● **WHAT IS NEEDED**
In your copy of the records, include every word exactly and no pictures.

● **PROVIDED ENTRIES**

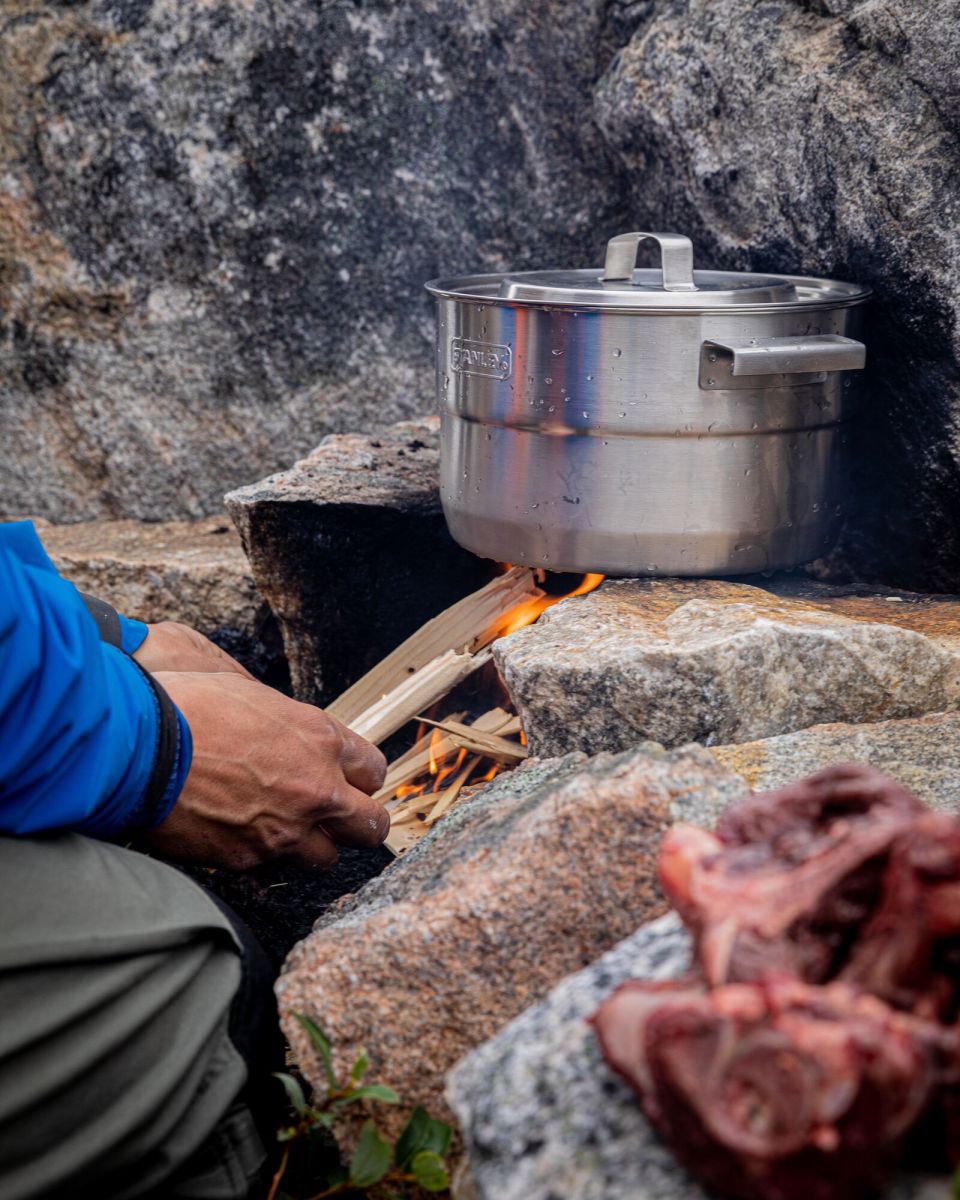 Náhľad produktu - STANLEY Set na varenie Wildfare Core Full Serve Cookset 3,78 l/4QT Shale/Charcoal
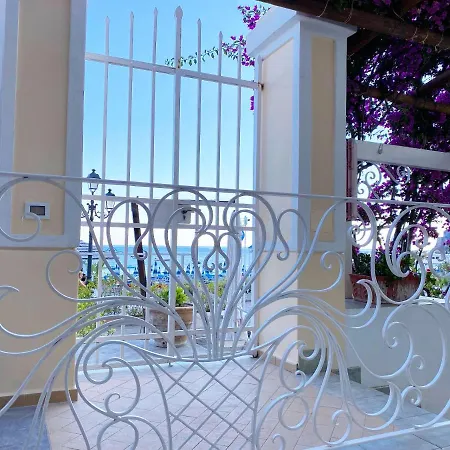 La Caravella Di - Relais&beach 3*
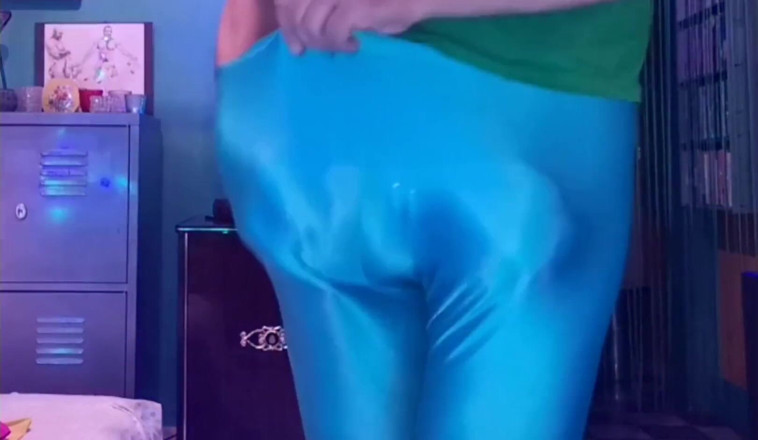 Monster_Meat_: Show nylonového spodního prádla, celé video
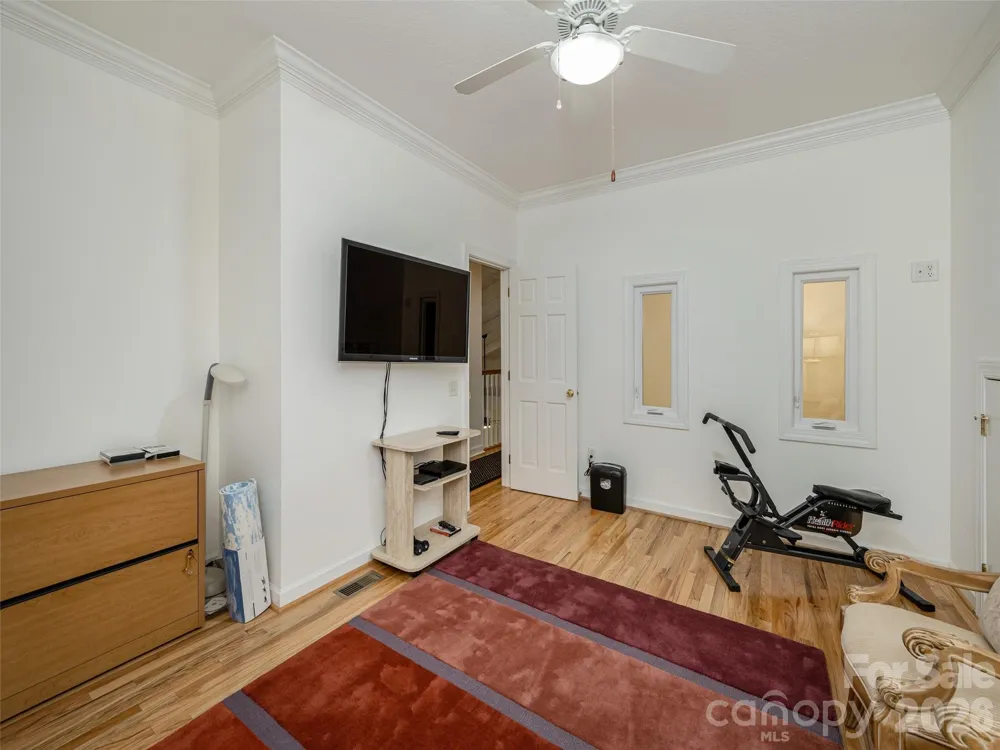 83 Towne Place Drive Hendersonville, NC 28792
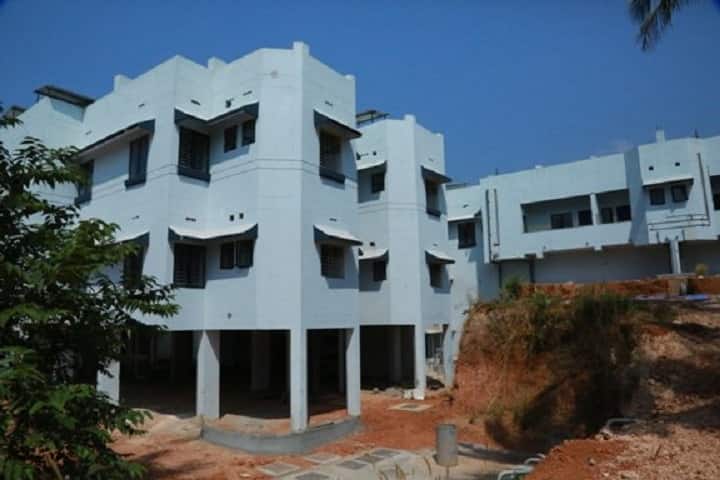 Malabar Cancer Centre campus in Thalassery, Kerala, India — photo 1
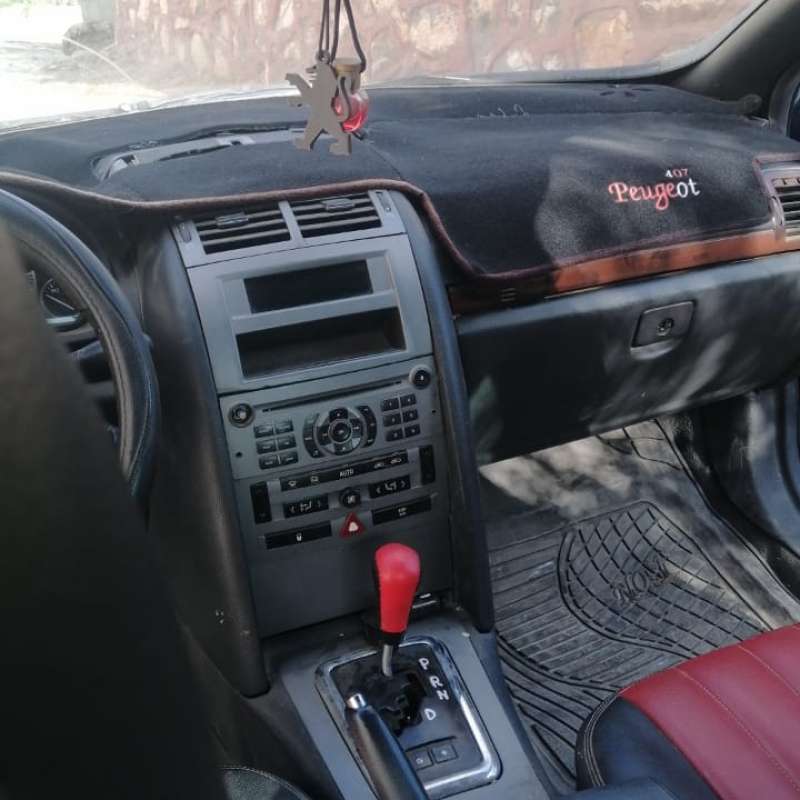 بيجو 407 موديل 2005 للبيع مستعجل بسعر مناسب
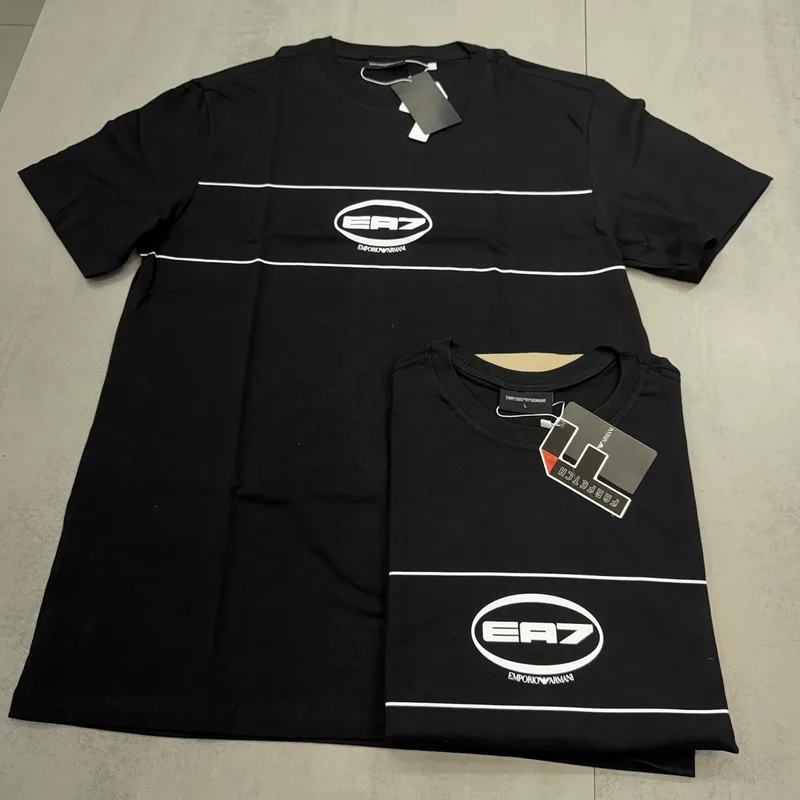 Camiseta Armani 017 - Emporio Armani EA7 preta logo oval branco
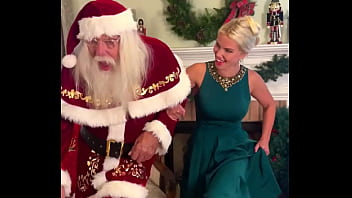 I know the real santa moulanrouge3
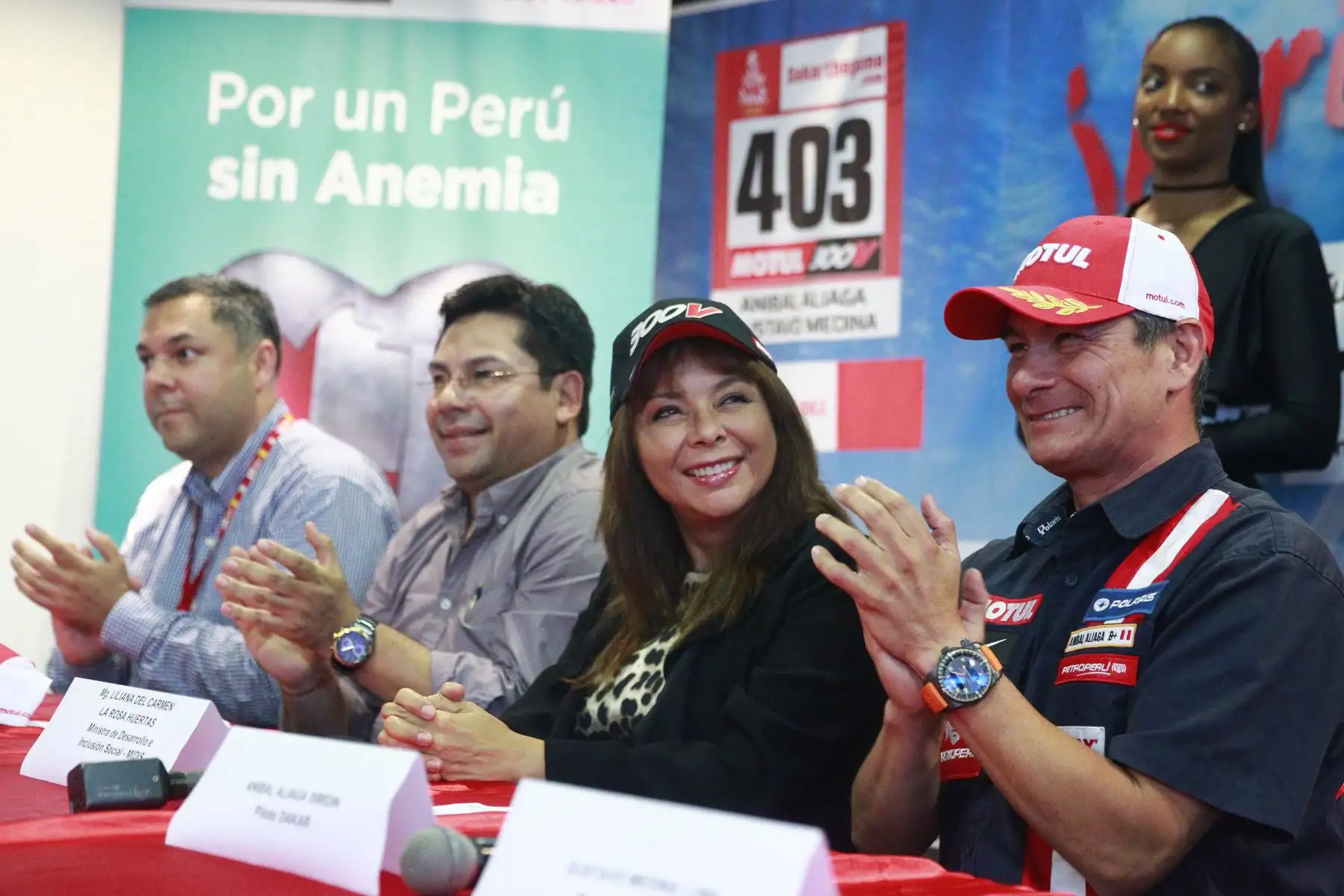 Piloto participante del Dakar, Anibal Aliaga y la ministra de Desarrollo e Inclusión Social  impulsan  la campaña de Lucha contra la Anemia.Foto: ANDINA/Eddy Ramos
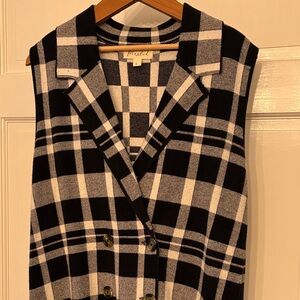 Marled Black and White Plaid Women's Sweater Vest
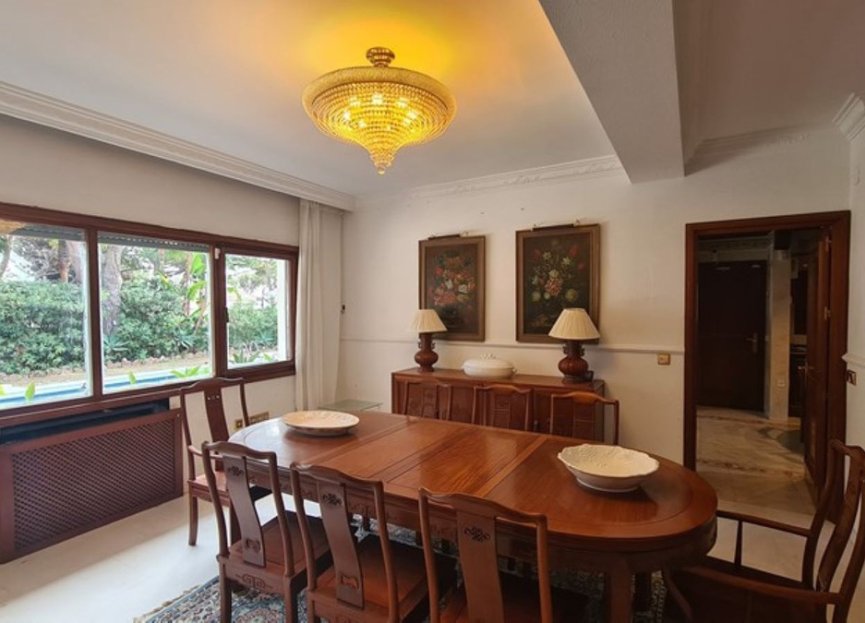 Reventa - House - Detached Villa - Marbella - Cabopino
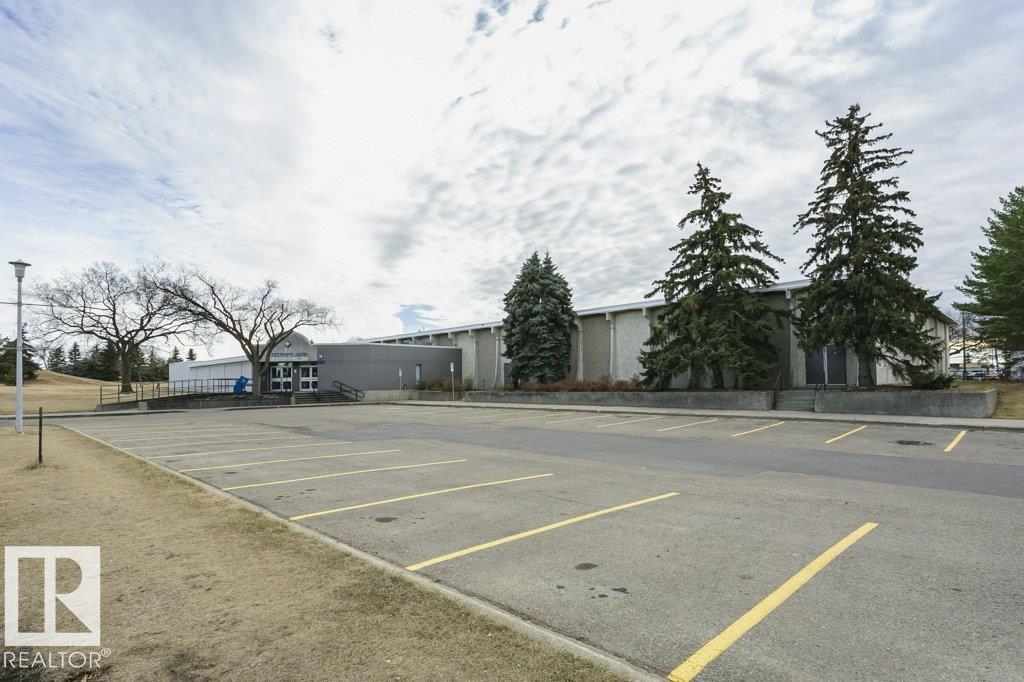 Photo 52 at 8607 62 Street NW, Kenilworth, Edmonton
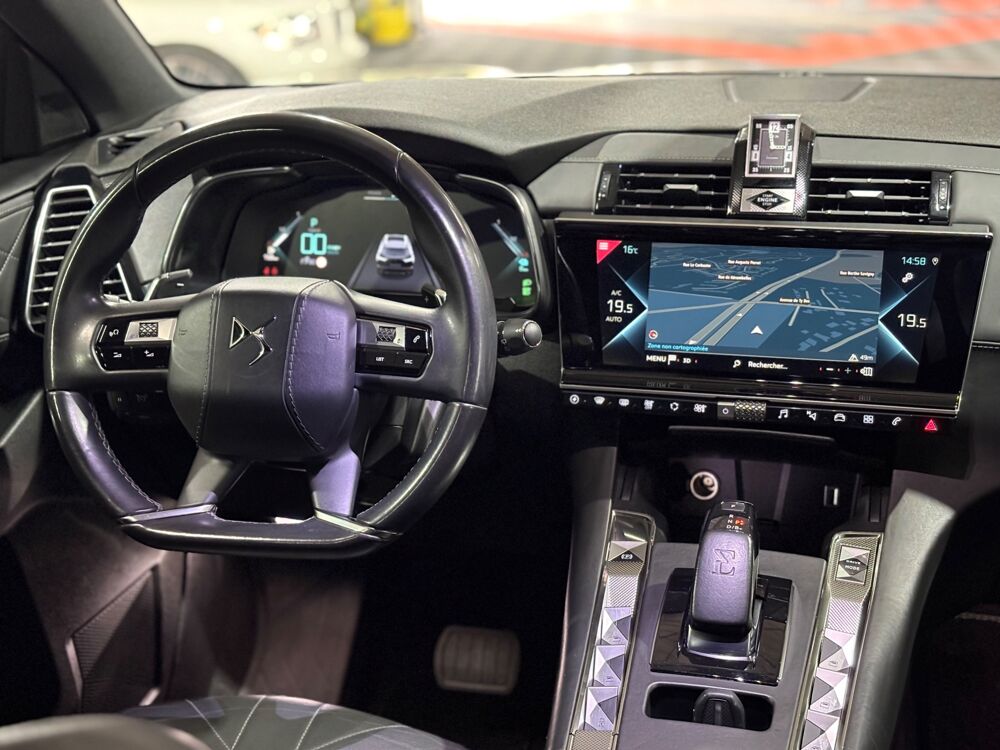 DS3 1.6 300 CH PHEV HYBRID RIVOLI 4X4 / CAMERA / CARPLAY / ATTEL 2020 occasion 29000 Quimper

● **REPLY**
 Náhľad produktu - STANLEY Set na varenie Wildfare Core Full Serve Cookset 3,78 l/4QT Shale/Charcoal
 La Caravella Di - Relais&beach 3*
 Monster_Meat_: Show nylonového spodního prádla, celé video
 83 Towne Place Drive Hendersonville, NC 28792
 Malabar Cancer Centre campus in Thalassery, Kerala, India — photo 1
 بيجو 407 موديل 2005 للبيع مستعجل بسعر مناسب
 Camiseta Armani 017 - Emporio Armani EA7 preta logo oval branco
 I know the real santa moulanrouge3
 Piloto participante del Dakar, Anibal Aliaga y la ministra de Desarrollo e Inclusión Social  impulsan  la campaña de Lucha contra la Anemia.Foto: ANDINA/Eddy Ramos
 Marled Black and White Plaid Women's Sweater Vest
 Reventa - House - Detached Villa - Marbella - Cabopino
 Photo 52 at 8607 62 Street NW, Kenilworth, Edmonton
 DS3 1.6 300 CH PHEV HYBRID RIVOLI 4X4 / CAMERA / CARPLAY / ATTEL 2020 occasion 29000 Quimper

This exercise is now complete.